La familia, dijo Egle-Hopwood, se alegra de que las cosas estén mejorando en California, pero saben muy bien que la amenaza persiste. “Oímos las noticias sobre las cifras... pero cuando salí con oxígeno, me aplaudieron porque tenía la suerte de volver a casa”, relató Egle-Hopwood. “Es muy real”.
Ahora está a la espera de recibir su segunda vacuna, dijo. Sus hermanos y su padre se han vacunado, y animan a otros a hacer lo mismo.
En el sur de California, la transición de la muerte y la devastación a la esperanza y el júbilo, ha sido especialmente rápida. La oleada de COVID-19 más mortífera del estado llegó a su punto álgido en enero, pero a principios de abril la mayoría de los residentes del estado ya disponían de vacunas. El mes pasado, el gobernador Gavin Newsom dijo que California reabrirá completamente su economía el 15 de junio.
El lunes, en la misma semana en la que el condado de Los Ángeles cumplió 24.000 muertes por COVID, los funcionarios de salud pública dijeron que Los Ángeles podría alcanzar la inmunidad de rebaño a finales de julio.

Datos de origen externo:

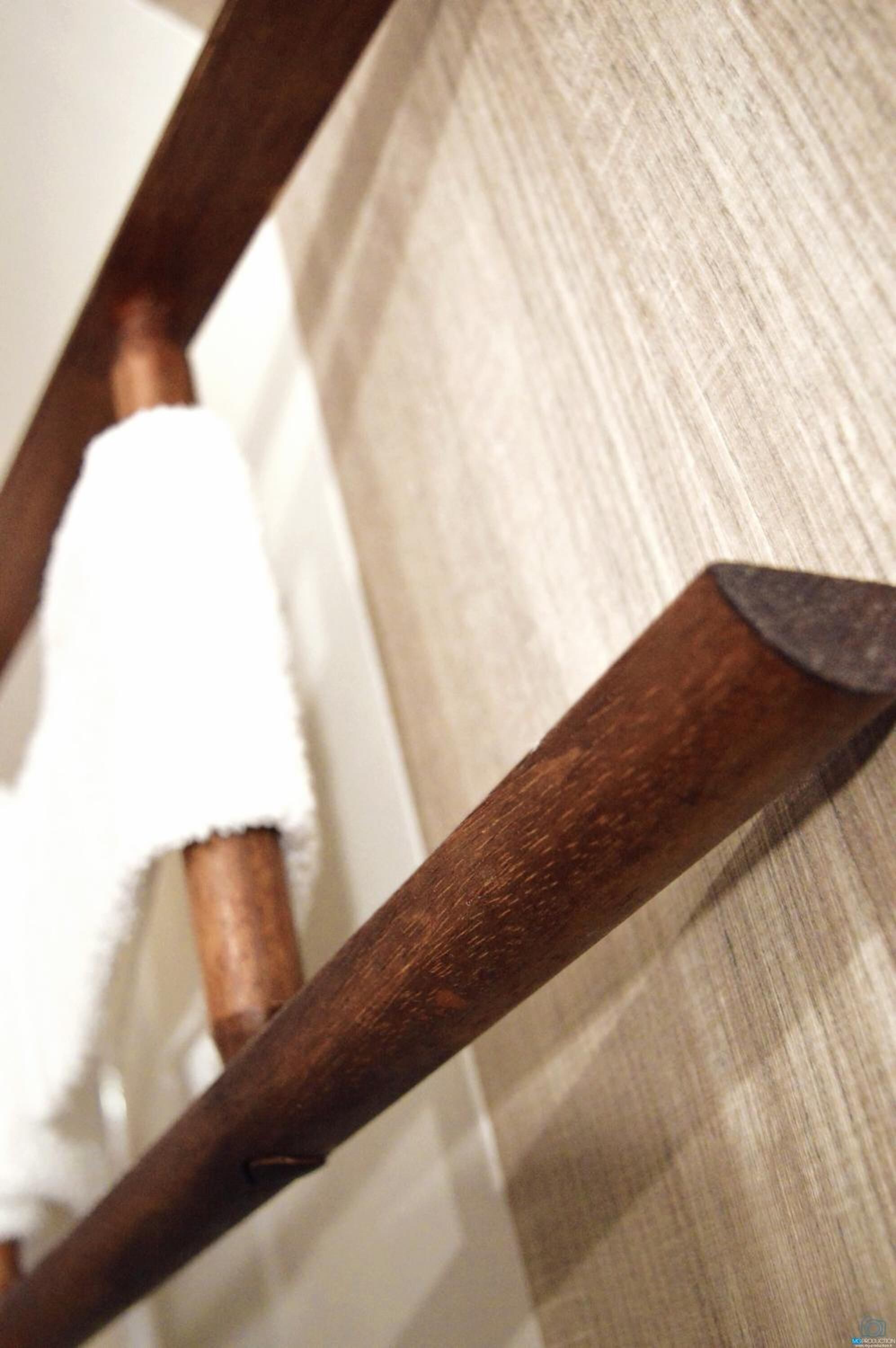 Primer plano de una silla de madera con un cojín blanco.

Los estadounidenses ya están empezando a celebrar “tener una vida casi normal”, dijo Yvonne Thomas, una psicóloga con sede en Los Ángeles cuyas especialidades incluyen el duelo y la pérdida. “Sin embargo, las personas que han perdido a sus seres queridos a causa del COVID... siguen atascadas tratando de respirar. Va a ser un momento extremadamente confuso para ellos”.

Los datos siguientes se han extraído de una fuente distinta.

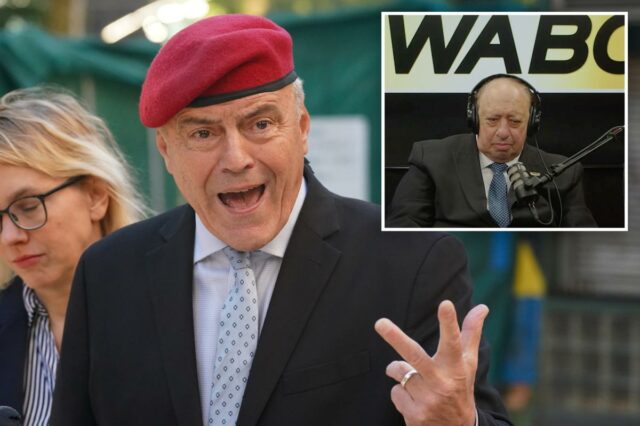 Curtis Sliwa de jaqueta vermelha e boina, usando fones de ouvido e falando ao microfone, com um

El sentimiento de culpa es común entre los dolientes, especialmente cuando sienten que podrían haber hecho más para evitar la muerte, expuso. Las recientes reaperturas y los esfuerzos de vacunación han proporcionado oportunidades adicionales para esos sentimientos.

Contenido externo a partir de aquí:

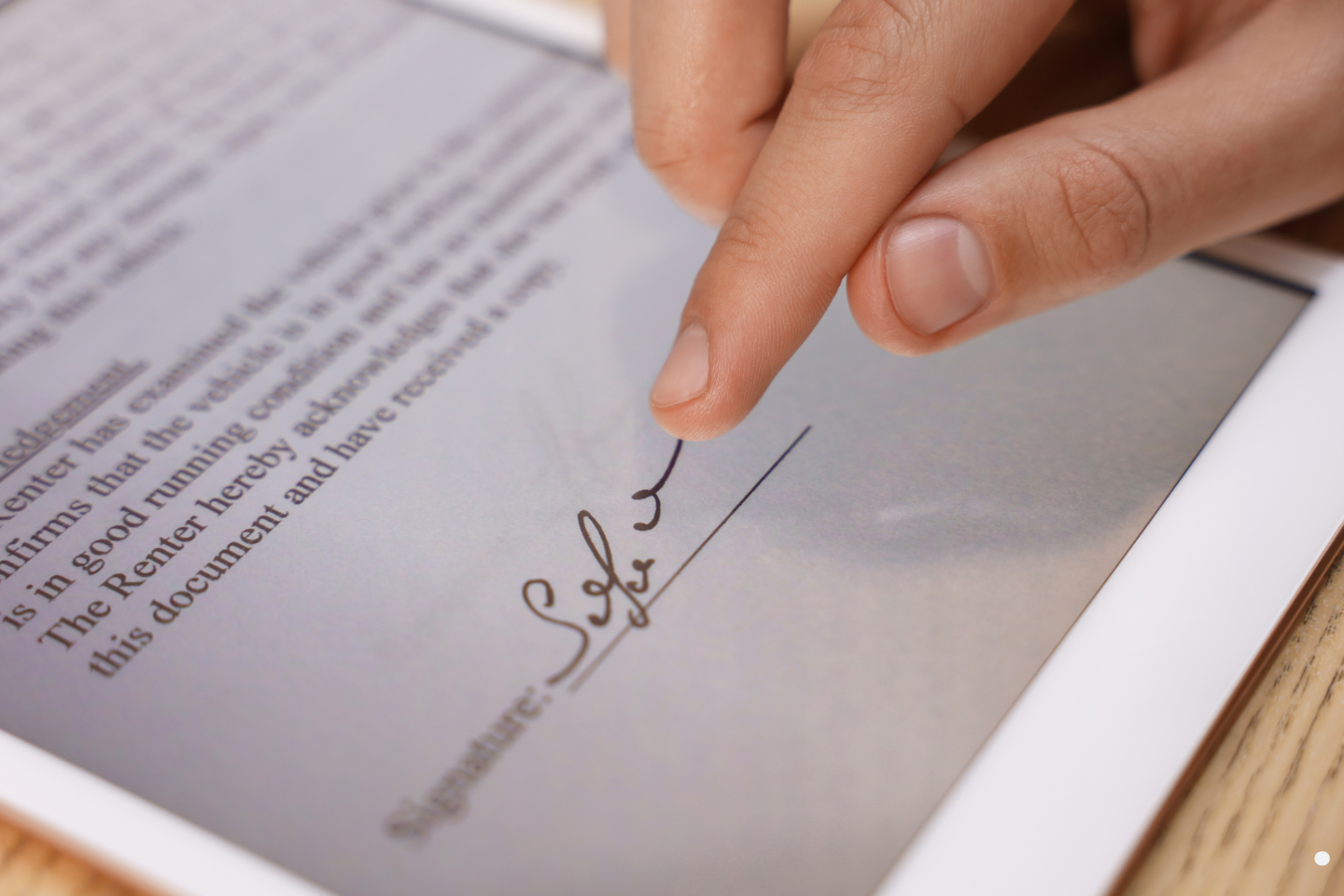 Person signing a digital document on a tablet screen.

Michael Dearie, cuya madre murió de COVID-19 cerca del comienzo de la pandemia la primavera pasada, dijo que, en ese entonces, se sentía como si el mundo estuviera de luto con él. Los negocios estaban cerrados, las familias estaban separadas y el coronavirus seguía siendo el centro de las vidas de todos.
“A pesar de lo difícil que fue estar solo, creo que sería duro perder a alguien ahora, cuando el mundo está volviendo a la normalidad, cuando tenemos que regresar al trabajo”, dijo Dearie, de 34 años.
Hoy, mientras las unidades de cuidados intensivos se vacían y el miedo se desvanece, las familias de los fallecidos recientemente por COVID-19 luchan con sus sentimientos.
Díaz, el patriarca de la familia que enfermó el día que cumplió 64 años, tenía planes de volver a su casa en Yucatán, México, después de jubilarse, y vivir en “esta casita que compró para la familia y descansar por fin”, reveló su hija.
“Las vidas de todos están volviendo a la normalidad”, añadió, “pero la nuestra nunca volverá a ser normal”.